» WORK INSTRUCTION: Give the data again exactly, from its opening line through the line in which "Casa La Marinella" appears.

-------- RECORDS FOR THIS EXERCISE

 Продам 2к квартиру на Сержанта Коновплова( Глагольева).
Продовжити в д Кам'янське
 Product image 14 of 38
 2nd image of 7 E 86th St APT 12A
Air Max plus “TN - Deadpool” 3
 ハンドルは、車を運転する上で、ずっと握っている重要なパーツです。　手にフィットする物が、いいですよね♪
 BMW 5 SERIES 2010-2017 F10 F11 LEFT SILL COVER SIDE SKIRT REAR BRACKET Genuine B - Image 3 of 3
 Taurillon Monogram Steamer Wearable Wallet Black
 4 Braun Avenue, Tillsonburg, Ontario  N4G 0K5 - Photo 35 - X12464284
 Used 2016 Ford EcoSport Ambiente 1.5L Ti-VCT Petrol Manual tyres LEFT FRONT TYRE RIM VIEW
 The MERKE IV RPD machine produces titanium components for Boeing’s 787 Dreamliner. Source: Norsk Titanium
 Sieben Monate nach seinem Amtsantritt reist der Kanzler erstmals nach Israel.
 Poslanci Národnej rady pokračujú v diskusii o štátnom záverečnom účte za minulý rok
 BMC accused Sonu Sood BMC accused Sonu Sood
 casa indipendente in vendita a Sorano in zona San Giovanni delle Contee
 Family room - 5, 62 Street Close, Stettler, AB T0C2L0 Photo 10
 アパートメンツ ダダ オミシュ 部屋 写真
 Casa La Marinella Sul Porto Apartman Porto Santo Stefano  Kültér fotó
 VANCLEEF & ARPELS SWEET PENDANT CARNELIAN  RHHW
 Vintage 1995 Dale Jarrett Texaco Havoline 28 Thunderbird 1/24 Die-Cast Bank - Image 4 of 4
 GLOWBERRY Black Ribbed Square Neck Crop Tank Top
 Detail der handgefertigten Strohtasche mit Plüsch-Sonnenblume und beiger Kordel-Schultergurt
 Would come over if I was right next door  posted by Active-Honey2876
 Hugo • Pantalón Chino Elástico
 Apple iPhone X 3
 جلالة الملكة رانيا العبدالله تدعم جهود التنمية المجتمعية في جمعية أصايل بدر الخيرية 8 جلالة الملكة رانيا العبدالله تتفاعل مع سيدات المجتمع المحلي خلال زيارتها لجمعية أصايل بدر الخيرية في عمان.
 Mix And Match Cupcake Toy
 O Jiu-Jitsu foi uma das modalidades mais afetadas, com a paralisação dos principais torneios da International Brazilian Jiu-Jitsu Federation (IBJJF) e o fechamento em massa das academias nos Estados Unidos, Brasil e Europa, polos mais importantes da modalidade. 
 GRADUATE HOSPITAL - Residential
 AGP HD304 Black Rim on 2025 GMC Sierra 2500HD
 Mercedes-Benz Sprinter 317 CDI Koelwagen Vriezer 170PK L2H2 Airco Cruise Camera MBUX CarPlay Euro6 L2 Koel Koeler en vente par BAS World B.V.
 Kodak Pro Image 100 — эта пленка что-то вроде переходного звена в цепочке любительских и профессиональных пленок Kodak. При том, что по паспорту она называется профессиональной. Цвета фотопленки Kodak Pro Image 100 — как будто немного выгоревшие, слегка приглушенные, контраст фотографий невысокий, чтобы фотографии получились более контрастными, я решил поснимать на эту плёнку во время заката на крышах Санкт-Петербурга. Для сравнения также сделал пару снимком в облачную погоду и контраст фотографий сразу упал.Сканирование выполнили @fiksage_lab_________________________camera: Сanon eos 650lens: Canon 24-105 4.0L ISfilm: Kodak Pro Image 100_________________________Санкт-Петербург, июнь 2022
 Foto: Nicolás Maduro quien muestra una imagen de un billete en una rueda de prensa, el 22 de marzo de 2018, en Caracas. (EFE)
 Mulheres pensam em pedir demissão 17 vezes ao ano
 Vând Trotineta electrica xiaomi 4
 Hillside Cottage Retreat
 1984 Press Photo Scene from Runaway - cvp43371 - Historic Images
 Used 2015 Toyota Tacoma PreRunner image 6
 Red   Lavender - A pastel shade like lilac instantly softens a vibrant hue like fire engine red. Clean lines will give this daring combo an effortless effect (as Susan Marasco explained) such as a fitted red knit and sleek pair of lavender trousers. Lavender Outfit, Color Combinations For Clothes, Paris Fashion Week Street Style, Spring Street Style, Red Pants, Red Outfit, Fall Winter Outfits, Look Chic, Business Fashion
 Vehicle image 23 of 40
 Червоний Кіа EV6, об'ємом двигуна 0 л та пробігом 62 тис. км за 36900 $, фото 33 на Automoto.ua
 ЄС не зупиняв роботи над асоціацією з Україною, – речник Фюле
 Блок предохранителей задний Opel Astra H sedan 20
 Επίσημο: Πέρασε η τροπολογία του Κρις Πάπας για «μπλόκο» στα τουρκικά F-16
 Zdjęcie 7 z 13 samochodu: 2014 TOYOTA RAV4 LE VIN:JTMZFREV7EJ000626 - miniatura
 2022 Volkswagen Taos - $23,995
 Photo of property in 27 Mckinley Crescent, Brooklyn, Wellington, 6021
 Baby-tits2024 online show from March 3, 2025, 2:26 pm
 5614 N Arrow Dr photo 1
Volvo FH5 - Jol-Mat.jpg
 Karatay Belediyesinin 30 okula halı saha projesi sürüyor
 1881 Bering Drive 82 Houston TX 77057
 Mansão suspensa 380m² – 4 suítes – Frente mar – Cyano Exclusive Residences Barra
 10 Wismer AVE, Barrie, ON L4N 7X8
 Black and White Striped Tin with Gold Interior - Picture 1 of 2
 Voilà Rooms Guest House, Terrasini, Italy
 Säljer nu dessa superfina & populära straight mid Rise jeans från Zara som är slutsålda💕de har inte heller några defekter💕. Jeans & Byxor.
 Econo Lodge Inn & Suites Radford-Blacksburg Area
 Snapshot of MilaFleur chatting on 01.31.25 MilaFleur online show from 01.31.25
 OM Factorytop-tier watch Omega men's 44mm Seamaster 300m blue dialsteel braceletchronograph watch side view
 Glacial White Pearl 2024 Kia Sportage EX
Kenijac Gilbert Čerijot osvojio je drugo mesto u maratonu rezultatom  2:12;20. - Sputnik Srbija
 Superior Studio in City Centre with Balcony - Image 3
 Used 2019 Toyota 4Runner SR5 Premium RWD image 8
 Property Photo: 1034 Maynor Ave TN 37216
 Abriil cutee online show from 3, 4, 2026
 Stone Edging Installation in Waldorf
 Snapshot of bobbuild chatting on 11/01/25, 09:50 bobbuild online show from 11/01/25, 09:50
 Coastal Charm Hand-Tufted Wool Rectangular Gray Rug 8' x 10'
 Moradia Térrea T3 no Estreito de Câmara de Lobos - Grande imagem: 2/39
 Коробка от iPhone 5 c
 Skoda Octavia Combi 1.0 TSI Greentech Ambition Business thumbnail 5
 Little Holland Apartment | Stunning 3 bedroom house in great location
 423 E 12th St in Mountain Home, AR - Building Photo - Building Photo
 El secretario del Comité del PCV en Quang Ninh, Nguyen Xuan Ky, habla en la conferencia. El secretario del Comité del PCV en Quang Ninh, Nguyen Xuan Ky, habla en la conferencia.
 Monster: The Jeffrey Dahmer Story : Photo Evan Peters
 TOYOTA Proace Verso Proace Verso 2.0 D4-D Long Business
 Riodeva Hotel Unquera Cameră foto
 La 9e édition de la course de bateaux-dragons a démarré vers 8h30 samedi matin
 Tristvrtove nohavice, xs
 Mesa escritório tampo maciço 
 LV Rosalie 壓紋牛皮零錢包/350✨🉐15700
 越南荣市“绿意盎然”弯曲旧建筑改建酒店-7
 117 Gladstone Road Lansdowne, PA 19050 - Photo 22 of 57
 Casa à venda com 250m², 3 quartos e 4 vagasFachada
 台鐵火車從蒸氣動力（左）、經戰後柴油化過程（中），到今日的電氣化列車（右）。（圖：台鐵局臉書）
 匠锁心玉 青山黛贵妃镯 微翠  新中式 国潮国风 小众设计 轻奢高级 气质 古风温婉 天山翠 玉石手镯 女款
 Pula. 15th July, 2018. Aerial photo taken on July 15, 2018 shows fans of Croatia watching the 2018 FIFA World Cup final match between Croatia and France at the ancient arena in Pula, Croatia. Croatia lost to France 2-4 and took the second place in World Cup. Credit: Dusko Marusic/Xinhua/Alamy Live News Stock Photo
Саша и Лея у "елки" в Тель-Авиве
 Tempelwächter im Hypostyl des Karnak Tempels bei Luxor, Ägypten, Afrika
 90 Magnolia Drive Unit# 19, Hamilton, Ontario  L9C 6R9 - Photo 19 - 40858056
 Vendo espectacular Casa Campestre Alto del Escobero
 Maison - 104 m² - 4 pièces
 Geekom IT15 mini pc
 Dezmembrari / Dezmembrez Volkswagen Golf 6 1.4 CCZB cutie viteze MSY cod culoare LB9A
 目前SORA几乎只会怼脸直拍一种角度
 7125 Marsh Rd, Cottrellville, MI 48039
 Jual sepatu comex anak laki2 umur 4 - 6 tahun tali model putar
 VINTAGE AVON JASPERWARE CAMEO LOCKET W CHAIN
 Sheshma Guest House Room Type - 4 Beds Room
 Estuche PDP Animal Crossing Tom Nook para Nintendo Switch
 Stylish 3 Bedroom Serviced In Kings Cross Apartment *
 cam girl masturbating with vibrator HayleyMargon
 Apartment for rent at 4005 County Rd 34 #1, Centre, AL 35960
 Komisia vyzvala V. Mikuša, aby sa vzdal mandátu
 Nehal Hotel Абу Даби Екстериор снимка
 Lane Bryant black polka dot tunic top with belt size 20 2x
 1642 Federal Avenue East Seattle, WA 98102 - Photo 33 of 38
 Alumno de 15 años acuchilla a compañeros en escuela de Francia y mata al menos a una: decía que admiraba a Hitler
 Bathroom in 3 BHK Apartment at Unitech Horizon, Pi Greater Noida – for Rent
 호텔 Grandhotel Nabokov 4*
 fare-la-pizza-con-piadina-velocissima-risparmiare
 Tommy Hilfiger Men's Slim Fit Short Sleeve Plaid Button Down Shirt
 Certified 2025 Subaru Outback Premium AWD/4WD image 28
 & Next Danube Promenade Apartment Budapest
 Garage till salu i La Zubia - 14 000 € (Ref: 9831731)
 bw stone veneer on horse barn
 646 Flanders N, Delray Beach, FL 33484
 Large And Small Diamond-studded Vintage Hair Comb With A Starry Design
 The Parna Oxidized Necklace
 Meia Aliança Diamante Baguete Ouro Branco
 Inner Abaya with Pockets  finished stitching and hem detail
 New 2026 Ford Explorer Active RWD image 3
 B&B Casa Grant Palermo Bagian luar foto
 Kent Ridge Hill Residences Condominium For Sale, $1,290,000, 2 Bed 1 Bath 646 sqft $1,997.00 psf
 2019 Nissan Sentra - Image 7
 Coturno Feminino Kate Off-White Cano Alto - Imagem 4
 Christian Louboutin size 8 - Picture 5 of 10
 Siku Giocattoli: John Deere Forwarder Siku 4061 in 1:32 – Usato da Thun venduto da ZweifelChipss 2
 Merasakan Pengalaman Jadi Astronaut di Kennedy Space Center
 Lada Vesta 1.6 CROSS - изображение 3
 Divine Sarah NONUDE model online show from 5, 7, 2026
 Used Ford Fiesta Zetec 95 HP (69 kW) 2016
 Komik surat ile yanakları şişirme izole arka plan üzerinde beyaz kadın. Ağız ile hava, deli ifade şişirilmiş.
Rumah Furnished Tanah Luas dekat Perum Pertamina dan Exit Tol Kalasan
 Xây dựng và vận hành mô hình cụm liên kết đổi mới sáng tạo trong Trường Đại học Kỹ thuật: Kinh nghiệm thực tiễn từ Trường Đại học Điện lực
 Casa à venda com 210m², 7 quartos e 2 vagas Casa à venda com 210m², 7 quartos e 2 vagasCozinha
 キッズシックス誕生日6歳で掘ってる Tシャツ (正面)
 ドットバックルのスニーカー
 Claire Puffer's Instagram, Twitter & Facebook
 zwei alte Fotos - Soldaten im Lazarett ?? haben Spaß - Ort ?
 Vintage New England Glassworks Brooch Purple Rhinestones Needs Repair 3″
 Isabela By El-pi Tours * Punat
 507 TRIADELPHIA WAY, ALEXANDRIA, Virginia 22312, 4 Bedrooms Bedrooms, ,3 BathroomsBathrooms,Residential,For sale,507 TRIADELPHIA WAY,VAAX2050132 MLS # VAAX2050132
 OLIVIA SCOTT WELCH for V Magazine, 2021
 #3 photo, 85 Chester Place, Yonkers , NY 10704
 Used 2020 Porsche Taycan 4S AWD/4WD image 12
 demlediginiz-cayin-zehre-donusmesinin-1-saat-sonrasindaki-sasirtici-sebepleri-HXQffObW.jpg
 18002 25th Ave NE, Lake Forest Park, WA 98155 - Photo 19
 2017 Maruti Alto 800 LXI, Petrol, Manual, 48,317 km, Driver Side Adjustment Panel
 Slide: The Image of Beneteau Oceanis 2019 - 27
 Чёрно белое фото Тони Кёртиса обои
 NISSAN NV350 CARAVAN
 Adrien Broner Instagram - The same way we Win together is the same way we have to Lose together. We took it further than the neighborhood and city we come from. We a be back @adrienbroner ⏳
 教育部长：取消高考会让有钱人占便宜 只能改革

----------------

» TASK RESPONSE:
 Продам 2к квартиру на Сержанта Коновплова( Глагольева).
Продовжити в д Кам'янське
 Product image 14 of 38
 2nd image of 7 E 86th St APT 12A
Air Max plus “TN - Deadpool” 3
 ハンドルは、車を運転する上で、ずっと握っている重要なパーツです。　手にフィットする物が、いいですよね♪
 BMW 5 SERIES 2010-2017 F10 F11 LEFT SILL COVER SIDE SKIRT REAR BRACKET Genuine B - Image 3 of 3
 Taurillon Monogram Steamer Wearable Wallet Black
 4 Braun Avenue, Tillsonburg, Ontario  N4G 0K5 - Photo 35 - X12464284
 Used 2016 Ford EcoSport Ambiente 1.5L Ti-VCT Petrol Manual tyres LEFT FRONT TYRE RIM VIEW
 The MERKE IV RPD machine produces titanium components for Boeing’s 787 Dreamliner. Source: Norsk Titanium
 Sieben Monate nach seinem Amtsantritt reist der Kanzler erstmals nach Israel.
 Poslanci Národnej rady pokračujú v diskusii o štátnom záverečnom účte za minulý rok
 BMC accused Sonu Sood BMC accused Sonu Sood
 casa indipendente in vendita a Sorano in zona San Giovanni delle Contee
 Family room - 5, 62 Street Close, Stettler, AB T0C2L0 Photo 10
 アパートメンツ ダダ オミシュ 部屋 写真
 Casa La Marinella Sul Porto Apartman Porto Santo Stefano  Kültér fotó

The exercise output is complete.